Further, an excellent article by Vincent Bernat gave the following note:

When the remote host is in fact a NAT device, the condition on timestamps will forbid all the hosts except one behind the NAT device to connect during one minute because they do not share the same timestamp clock. In doubt, this is far better to disable this option since it leads to difficult to detect and difficult to diagnose problems.

Frankly, that scared the nonsense out of me. I understand TCP well enough to know that it should never be possible to "cross streams", but naively I figured that changing this stuff may lead to unpredictable TCP behaviour and that might break things much more wildly than dirty disks.

At this point it was 8PM, my colleagues had long since left and my wife was calling me home. I figured I’d get to it once I’m there, so I can at least be in the same room as she is while debugging.

Once home, I promptly forgot about this.

Midnight Courage

As you may have noticed, I hadn’t actually fixed the issue. Rather, I’d dropped the logs and decided to think about it.

Accordingly, a few hours later at ~2am, alarms went off again.

The state of mind when an alarm goes off at ~2am is …​ more aggressive than it is at a comparatively well thought out 8pm. At that point I wanted a fix that would work well enough that I could sleep undisturbed for some period of time, without fear of being woken up again.

Running the same commands showed the same problems, though the problem had spread to multiple different environments at this point. Further, reviewing the dashboards indicated it would pop up in several more in the hours following. It appears this weekend is somehow busier than weekends previous or we had deployed a new Redis behaviour that was much more demanding.

The period between ~2am and ~3am was mostly just further reading. I spent the required time to more fully read the aforementioned article by Vincent and started to understand the two settings I was earlier thinking about. The:

  • tcp_tw_recycle

  • tcp_tw_reuse

They are both optimisations to address what is fundamentally a "good thing" with regards to TCP being in the TIME_WAIT state. The optimisation for both "recycle" and "reuse" reads properties of the TCP connection so it can decide to use it earlier than "good practice" for TIME_WAIT would otherwise endorse.

The difference between the two settings was that "recycle" is used for both "ingoing" and "outgoing" connections, whereas "reuse" is only ever used for outgoing connections. That shifts the burden of proof — connections made to external systems or to localhost might go wrong, but they’re much easier to identify and much less consequential as they fail earlier.

Further, while reading up on this particular setting I discovered it was enabled on the host but not in the container. While the container has a separate network namespace this setting has no reason to be different between the guest and the host.

With that, the decision to enable tcp_tw_reuse was made. Unfortunately, it is impossible to set sysctls in docker as docker drops the privileges required to do so.

Damn.

Dirty Hacks to work around Docker

Luckily, docker is not a super strict isolation between guest and host. Rather, it’s a set of sane Linux primitives and a chroot. It is possible to "partially break in" to the container from the host, via nsenter.

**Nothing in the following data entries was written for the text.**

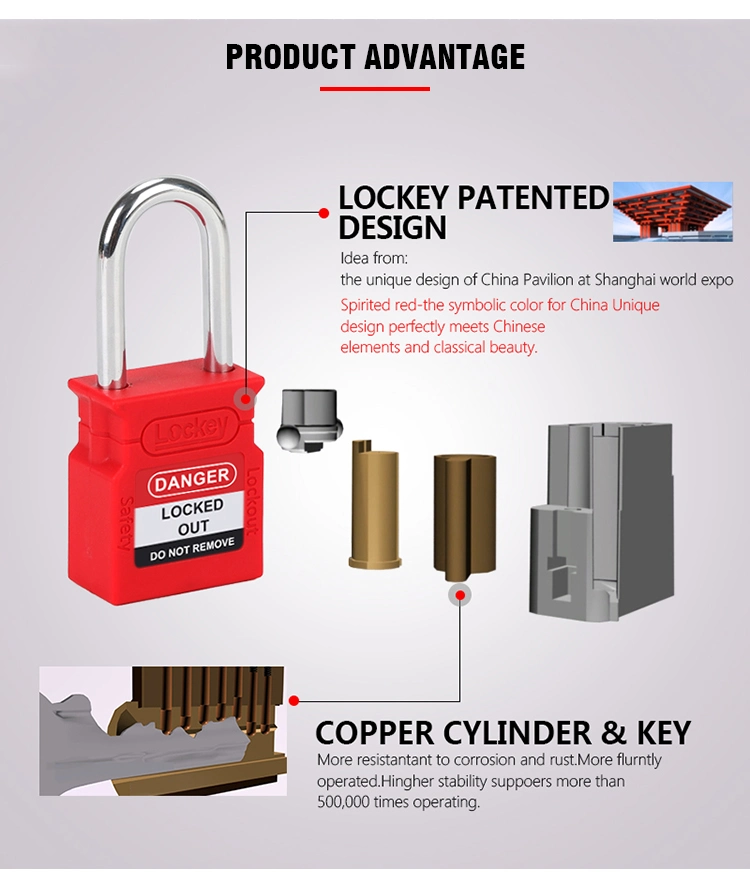 Lockey Highly Recommended New Design Colored Industrial 25mm Safety Padlocks with Auto-Popup Function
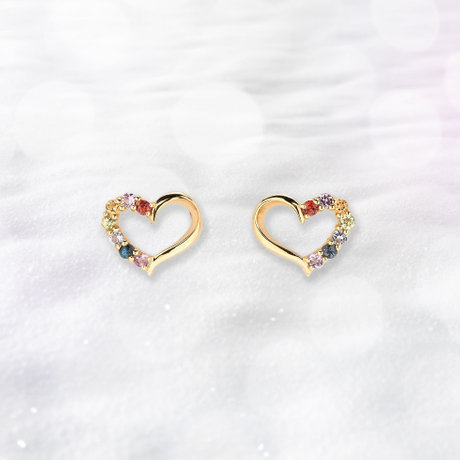 K10イエローゴールド マルチカラーハートピアス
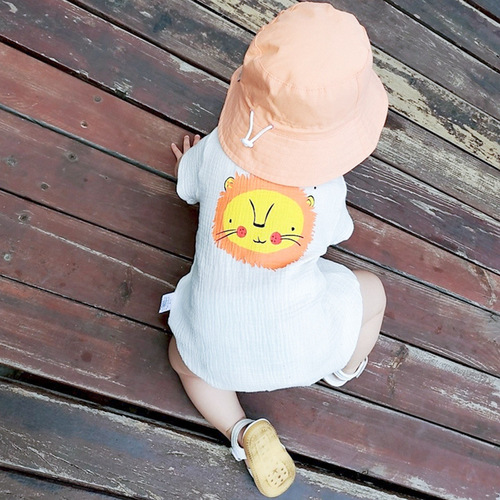 Newborn Baby Triangular Bodysuit, Short Sleeve, Open-Back Summer Pajamas for Crawling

That made it a fairly straight forward process:

  1. Identify the container running out of ports

  2. Find pid 1 in that container via docker inspect

  3. Execute nsenter --net --target=$PID

  4. Write the sysctl

nsenter allows entering into Linux namespaces and containers are made up of several namespaces; pid, ipc, net and so fourth. By entering the net namespace we are in the namespace, but not confined by dockers policy dropping. We can do whatever we like in the container!

Upon writing the sysctl the problem went away immediately. Disk increase tailed off and no more logs were written.

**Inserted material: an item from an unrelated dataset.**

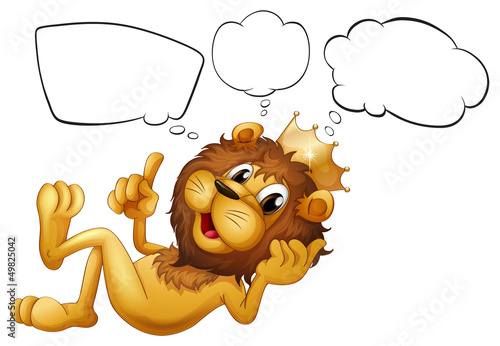 A lion with a crown thinking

It was "rest & repeat" across the cluster.

Follow up

Those familiar with Kubernetes will note that as soon as a container is rebooted the problem will reoccur. This is an acceptable risk for now as alerting will pick up on when the disks continue to be full once again and implementing a permanent change is …​ expensive.

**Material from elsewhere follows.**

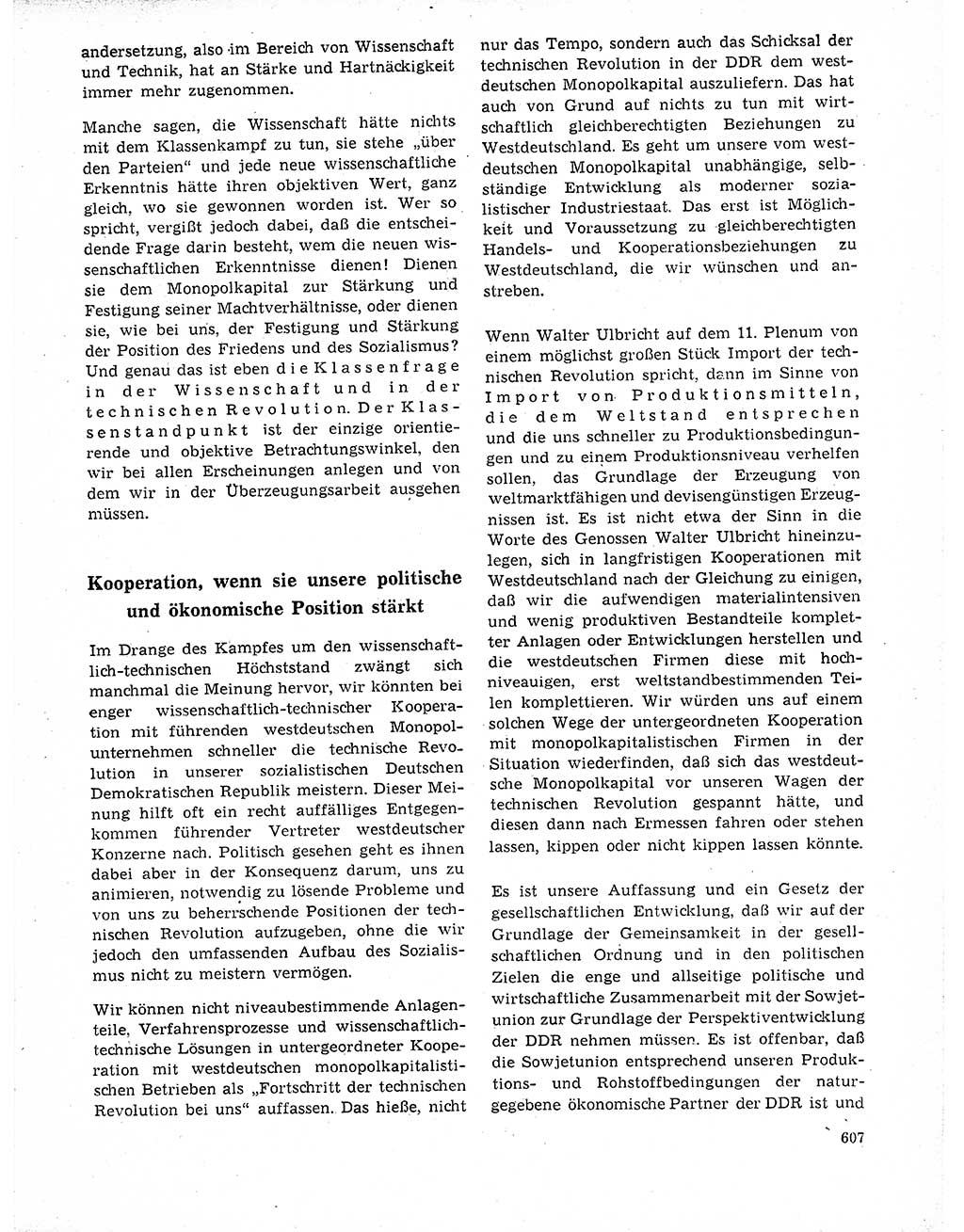 Neuer Weg (NW), Organ des Zentralkomitees (ZK) der SED (Sozialistische Einheitspartei Deutschlands) für Fragen des Parteilebens, 21. Jahrgang [Deutsche Demokratische Republik (DDR)] 1966, Seite 607 (NW ZK SED DDR 1966, S. 607)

However, a permanent change must be implemented. Accordingly, the next steps for this are to write a post mortem that describe the issue in as much detail as possible, steps taken, issues encountered while fixing and so fourth.

That will get handed back to the teams for implementations in the coming week, and the issue should never pop up again.

In Conclusion

Production systems are "where the rubber meets the road". They’re the only system that really matters, regardless of how much time we spent engineering new and exciting ways of trying not to think about it.

To me, it extremely important both for organisational health and for engineers to understand their own code that they go on call and are required to support the application in production. While uncomfortable at first it informs future design decisions and bugs are cheapest when they’re caught in design. Being on call is occasionally unpleasant, but made far more so when there is a disconnect between the engineers who implement the code and the ones who support it in a production system.

Debugging this problem drew on many different sources of "general knowledge", each of which was discovered from a combination of curiosity and dealing with other issues. There is little substitute for the aggregate models that experienced engineers develop about system and organisations should incentivize new developers to gain that experience as quickly as possible.

All in all, it was a fun bug. One I hadn’t hit before and one that tested my knowledge just the "right" amount.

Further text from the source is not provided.